Big Japan
Music For Dummies


4.0
excellent

Review

by 00mee USER (20 Reviews)
September 20th, 2011 | 0 replies


Release Date: 2005 | Tracklist

Review Summary: For those who embrace it for its acoustic cliches, it ain't all that bad.

Only releasing a limited number of copies of the record to the public and lamenting it as a one-off, whist half of the band itself comprising of actors (Adam Brody of The OC fame and Bret Harrison of The Loop), you’d be forgiven for thinking this record would fall flat on its face. Strangely ‘Music For Dummies’ succeeds be affecting the genre’s very clichés and dosing them in barrelfulls. Aiming to bask in a little fame artists like Bright Eyes and Death Cab for Cutie have achieved through channelling fickle acoustic strums and broken, but strangely comforting vocals, Big Japan constructs an album that carries those very qualities, however, for those who embrace it, the sound of the album is simply splendid.

From the warm, fragile guitar chords that open the record, to the simple yet interesting beats courtesy of Adam Brody, Big Japan delivers 8 songs that do just that – deliver. The sound of the record remains casual and inviting, usually consisting of either warm reverberating fuzz and a consistent tempo, or a sole acoustic with Castro’s warbly voice hovering over it. Whilst not too drastic Big Japan also adds in other elements to great effect, for example, one listen to ‘The Rise and Fall of Bill’ and the one thing you will remember is the bloopy keyboard that carefully places the song into a more memorable aesthetic.

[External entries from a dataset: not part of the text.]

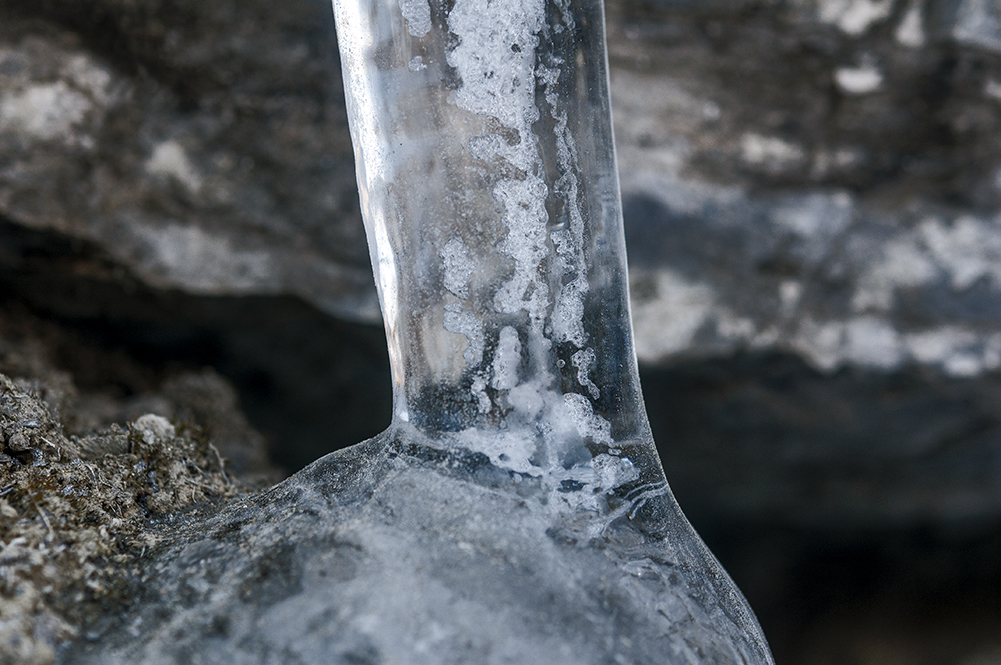 Bertrand Lacorre-Ranza - Pied de glace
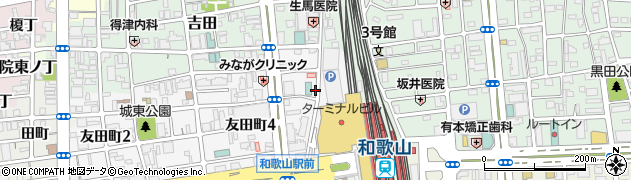 そうごう薬局友田店周辺の地図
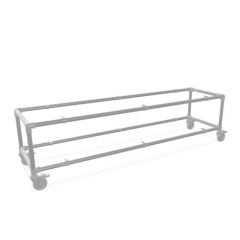 TV Meubel Porto | Staal 33.7 mm | Wiel | DIY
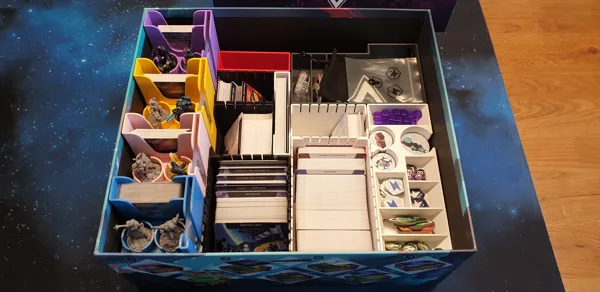 Invincible ISS Vanguard Insert
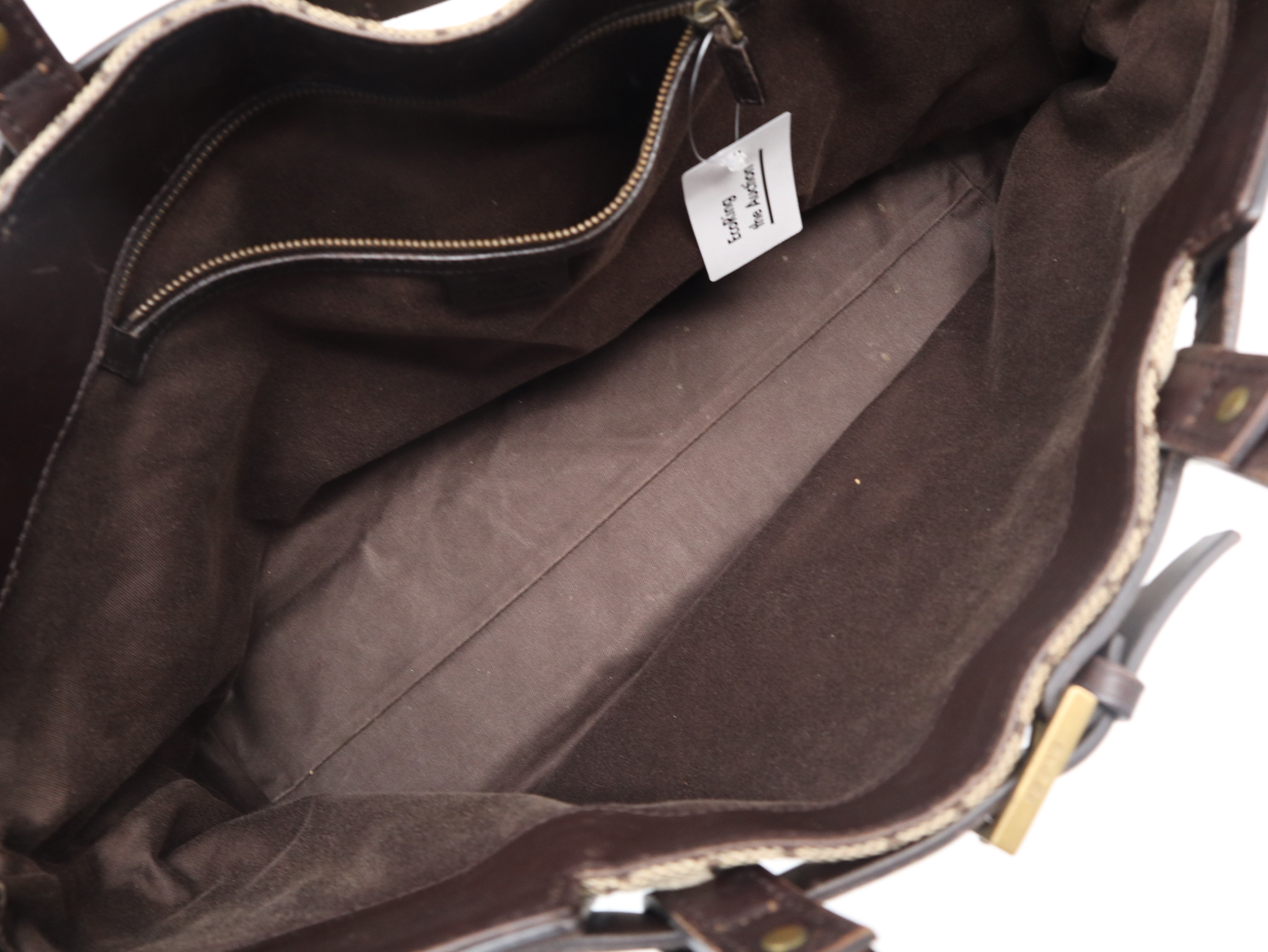 106251 GG Canvas Tote Bag — view 11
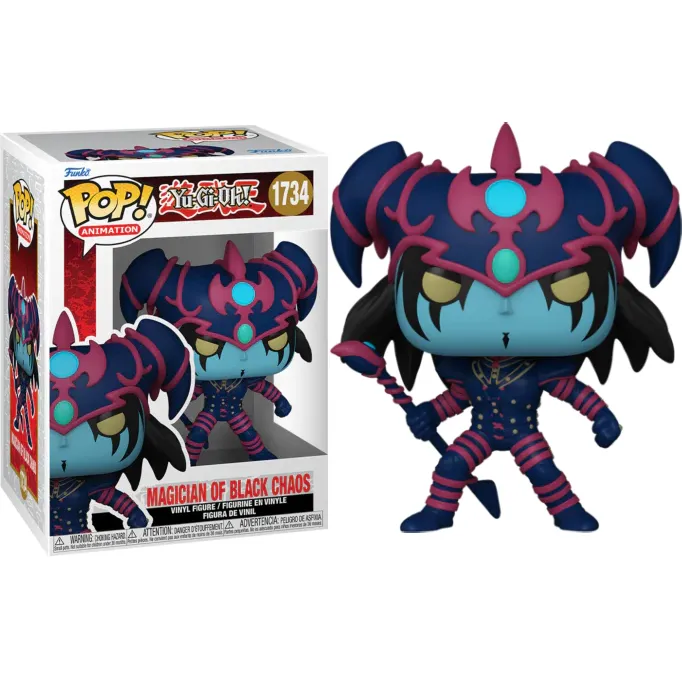Funko POP Yu-Gi-Oh! Magician of Black Chaos 9cm - cover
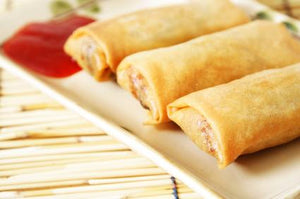 Veggie Spring Rolls,  89.00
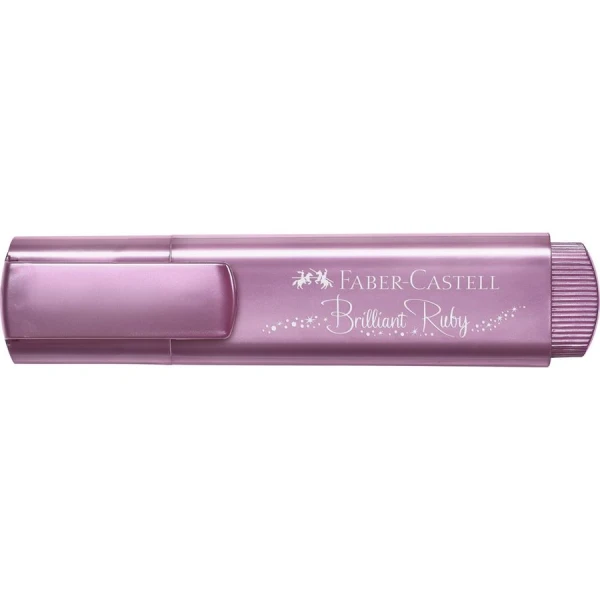 FABER-CASTELL ΥΠΟΓΡΑΜΜΙΣΤΗΣ ΜΕΤΑΛΛΙΚΟ ΡΟΥΜΠΙΝΙ
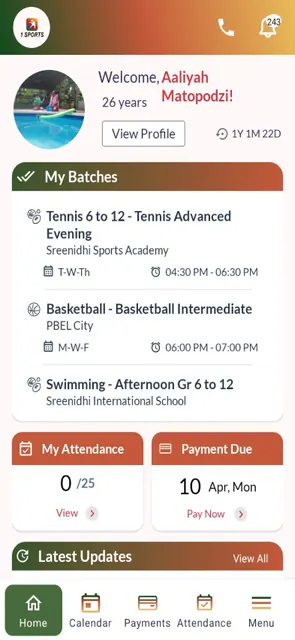 1Sports screenshot 4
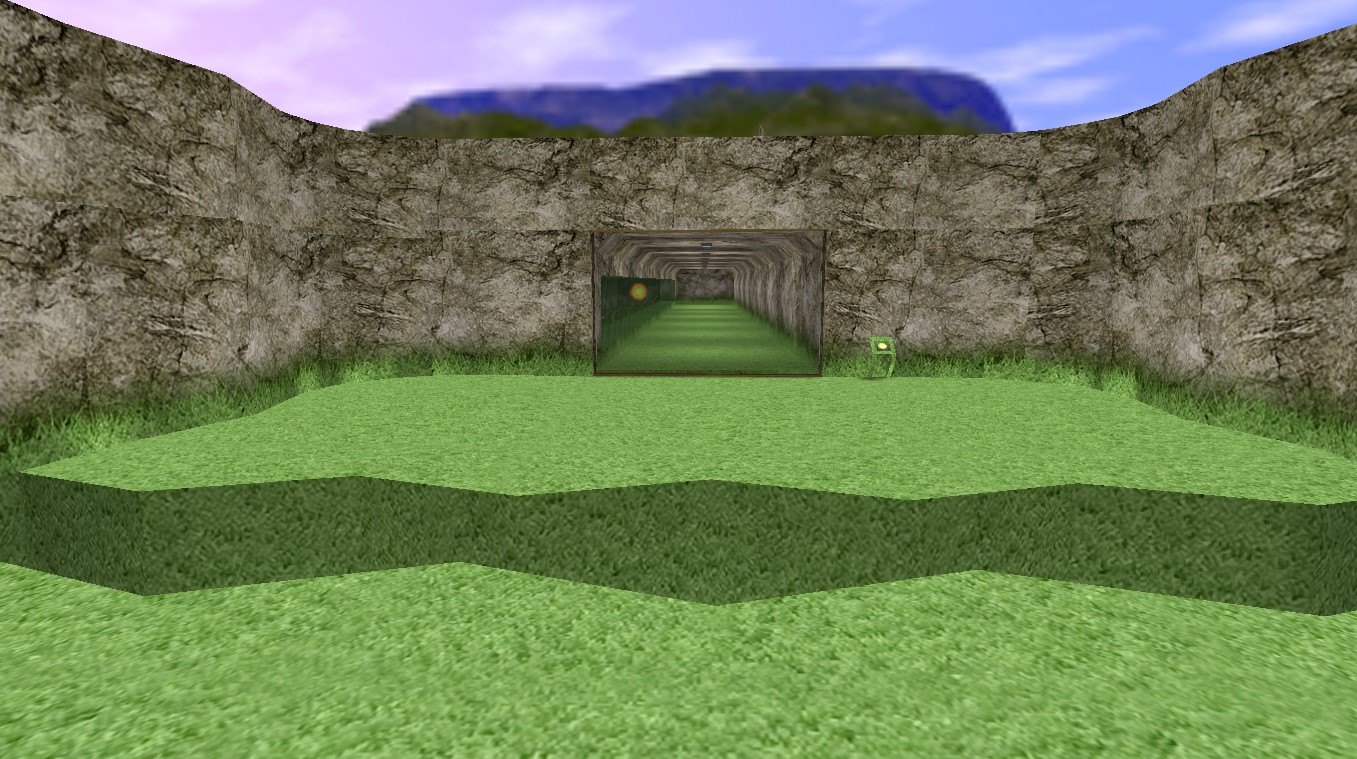 מפת deathrun-grass במשחק Counter-Strike 1.6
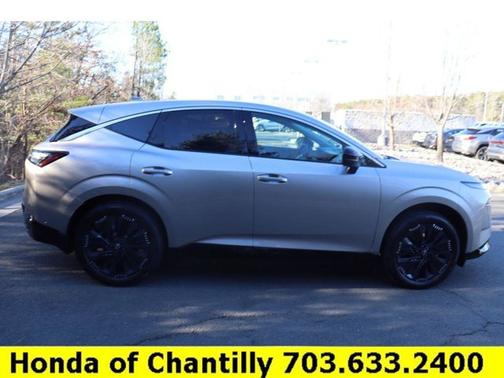 2025 Nissan Murano Platinum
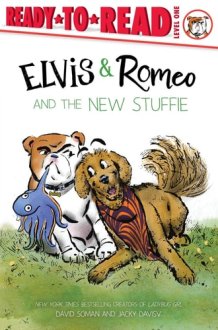Elvis & Romeo and the New Stuffie - Ready-to-Read Level 1 cover image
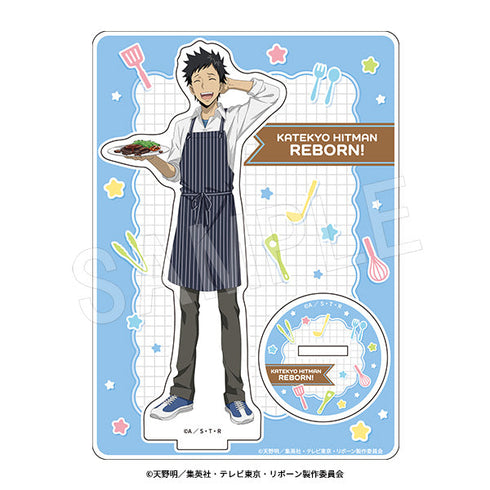 『家庭教師ヒットマンREBORN!』アクリルスタンド 調理実習Ver. 山本武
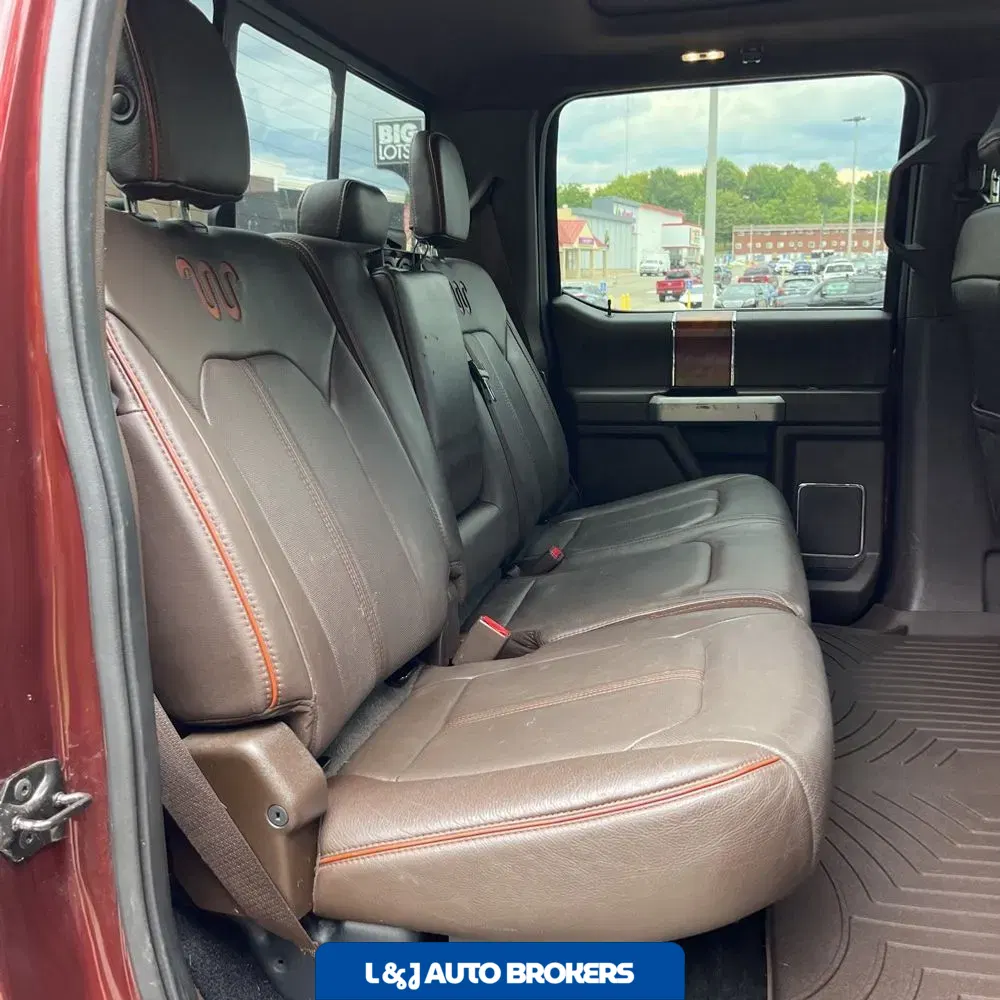 2017 Ford F-350 Super Duty King Ranch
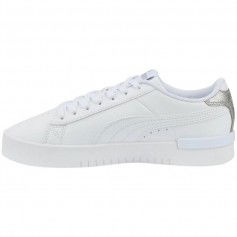 Puma Jada Distressed Γυναικεία Sneakers Λευκά 387621-02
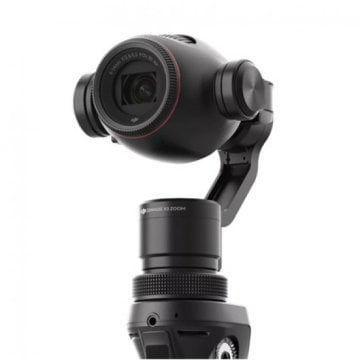 DJI Osmo Plus + 4K 3.5x Optik Zoom Kamera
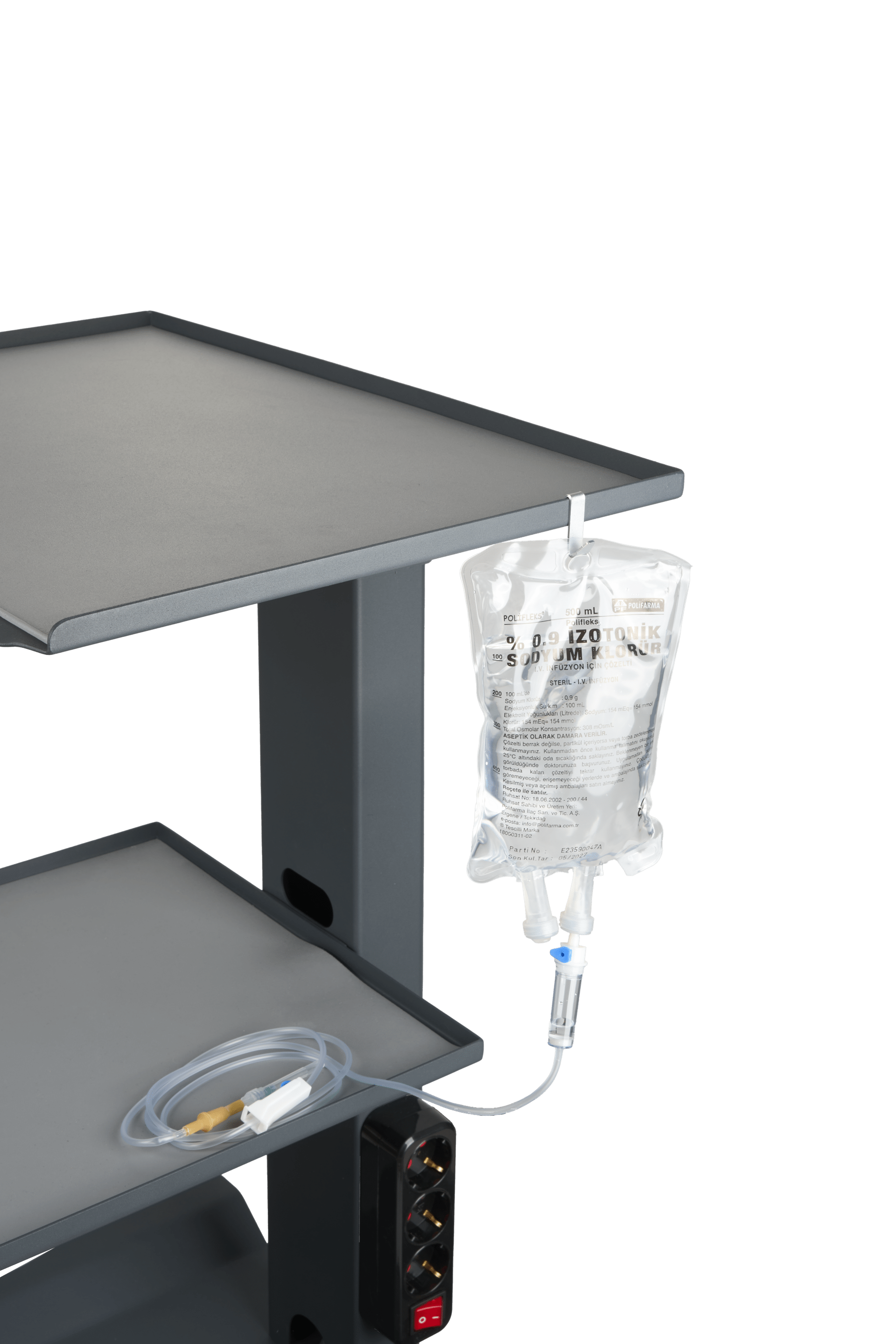 İron Medikal Sehpa HS-02 - küçük resim 5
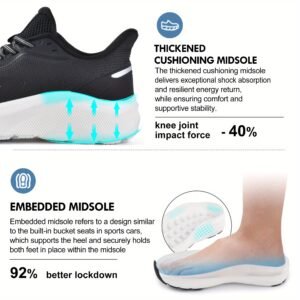 Men's Slip-On Orthopedic Athletic Sneakers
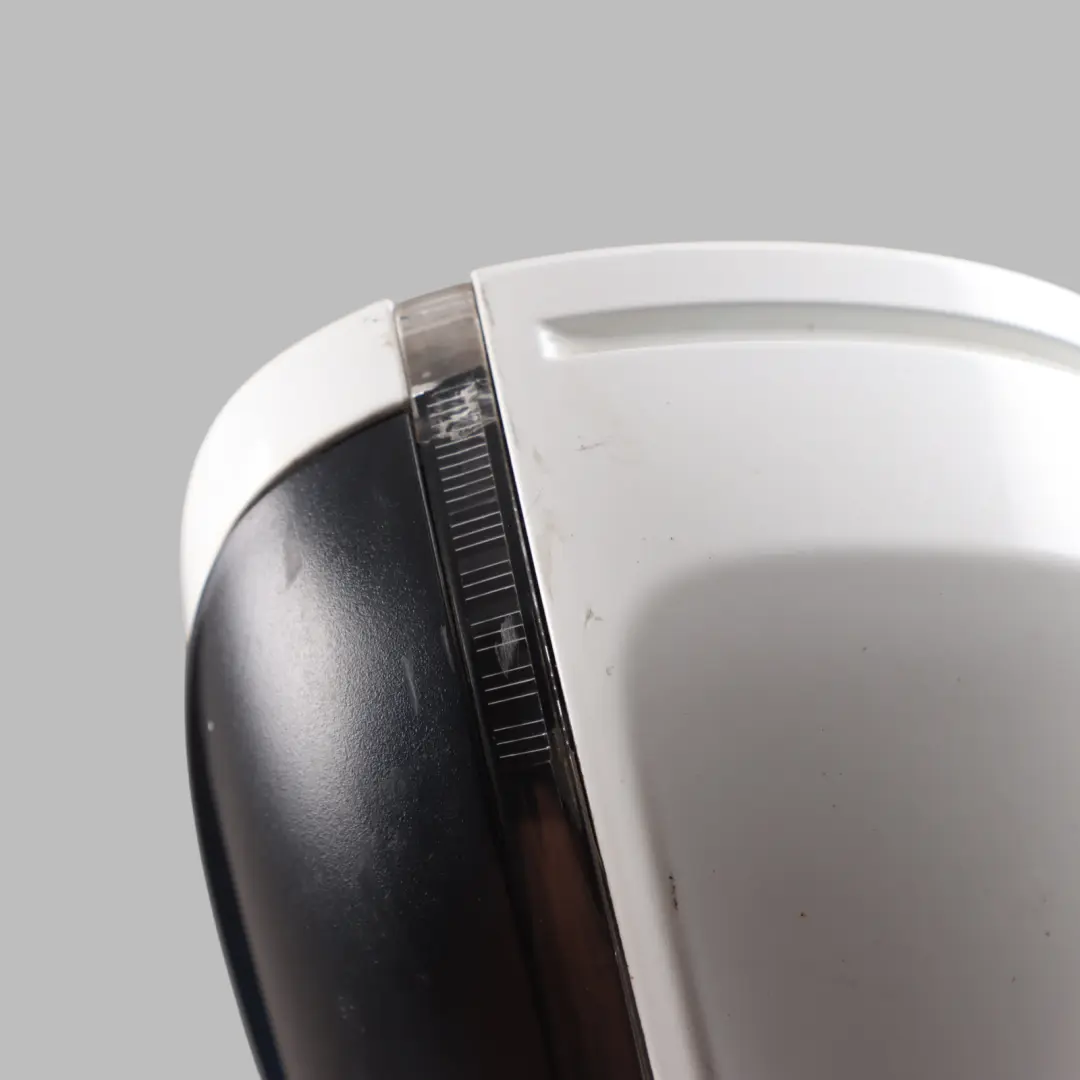 Audi A3 8P Wing Mirror Door Electric Right O/S Ibis White - Y9C 8P7858532E - SKU RHD-8P7858532BE-IWH - Part number 8P7858532BE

Unexpectedly refreshing, its vocalist’s Nathanial Castro’s lines that somehow has a penchant to deliver an intimate and effective sound. Castro lyrics are sugary and simple, bleeding with imperative relationship truths that make you almost cringe but reiterate those feelings you may or may not have felt for someone at some point in your life. Lines like ‘You’re not just another fish in the sea, to me’ from the ironically titled ‘All the fish in the sea are stupid sluts anyway,’ as well as ‘I wanna hear when you say, boy when you say –best friend’ from the albums best song, ‘Bonnie and Clyde,’ are accessible but also have the flexibility for the listener to take them reflect on their own lives.

From the bounciness of ‘Complex’ to ba da da’s of ‘Enchantment Under the Sea’, Music for Dummies isn’t a record that takes itself too seriously, and why would it need to? It’s the sort of record you’d play on a road trip to a more summery state, a record for casual listening whilst you’re doing something else. It’s not unlike many other indie/acoustic artists that seem to cloud the radio stations playlists, but somehow Big Japan have enough charm to pull it all off. In the end, you can’t help think of someone and subtly agree with Castro when he sings ‘what do you mean when you say, you get me that way? Well you get me that way too.’